» Problem statement: Copy out the records in full, word for word, without pictures.
****
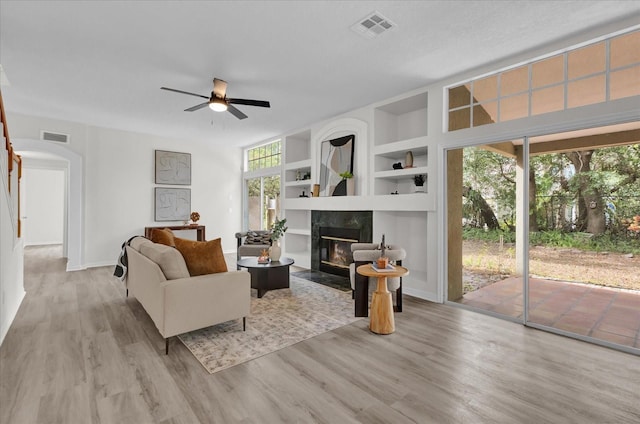 living room featuring ceiling fan, built in features, a fireplace, and light hardwood / wood-style flooring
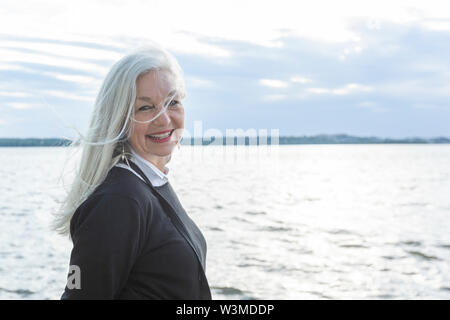Smiling mature woman by Potomac River in Washington DC, USA Stock Photo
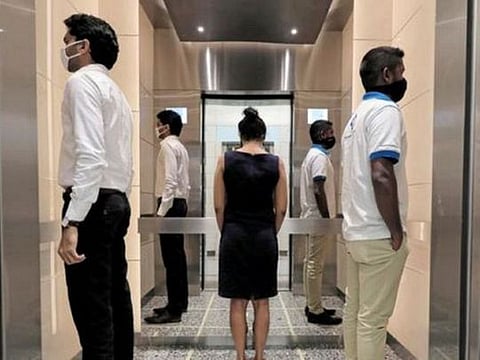 COVID-19: Why you should stop talking in elevators
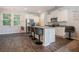 Bright modern kitchen featuring stainless steel appliances, granite countertops, and a breakfast bar at 741 Jackson Ct, Social Circle, GA 30025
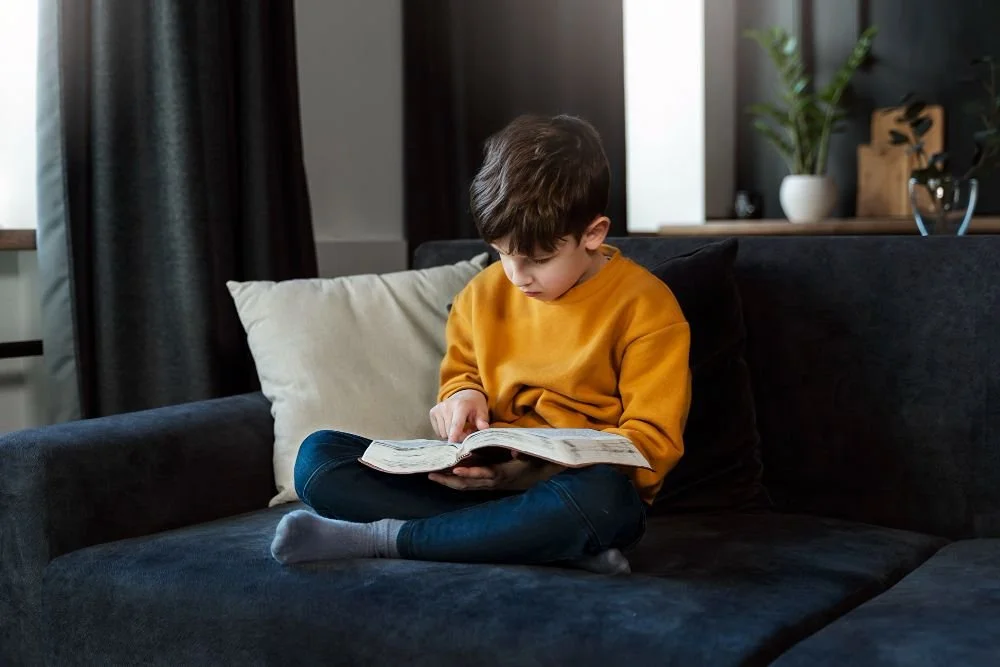 Boy sitting on a sofa reading an open book, illustrating flexible online Quran courses at home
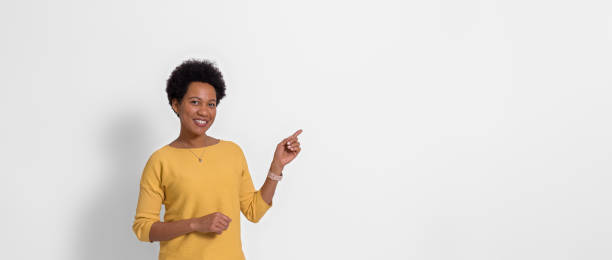 smiling businesswoman pointing away at copy space for advertisement isolated on white background - boegbeeld model stockfoto's en -beelden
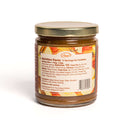 The In The Curious Kitchen Bourbon-Infused Gourmet Gift Set, in a glass jar with a gold lid, features a nutrition facts and ingredients label showing it contains pecans, brown sugar, and Kentucky bourbon against a white background.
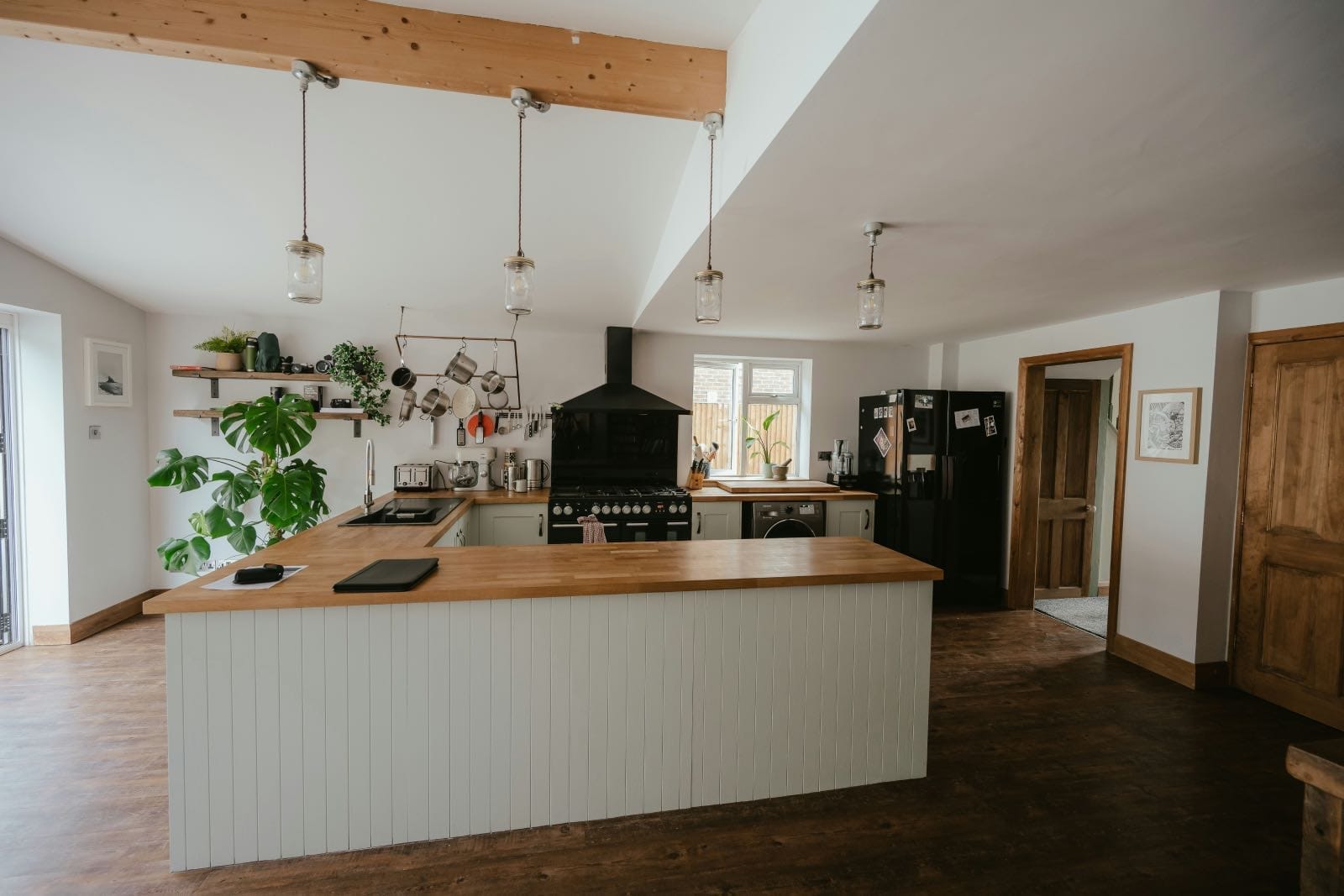 cocina blanca rústica con encimera de madera y plantas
****
» Answer space:
 living room featuring ceiling fan, built in features, a fireplace, and light hardwood / wood-style flooring
Smiling mature woman by Potomac River in Washington DC, USA Stock Photo
 COVID-19: Why you should stop talking in elevators
 Bright modern kitchen featuring stainless steel appliances, granite countertops, and a breakfast bar at 741 Jackson Ct, Social Circle, GA 30025
 Boy sitting on a sofa reading an open book, illustrating flexible online Quran courses at home
 smiling businesswoman pointing away at copy space for advertisement isolated on white background - boegbeeld model stockfoto's en -beelden
 The In The Curious Kitchen Bourbon-Infused Gourmet Gift Set, in a glass jar with a gold lid, features a nutrition facts and ingredients label showing it contains pecans, brown sugar, and Kentucky bourbon against a white background.
 cocina blanca rústica con encimera de madera y plantas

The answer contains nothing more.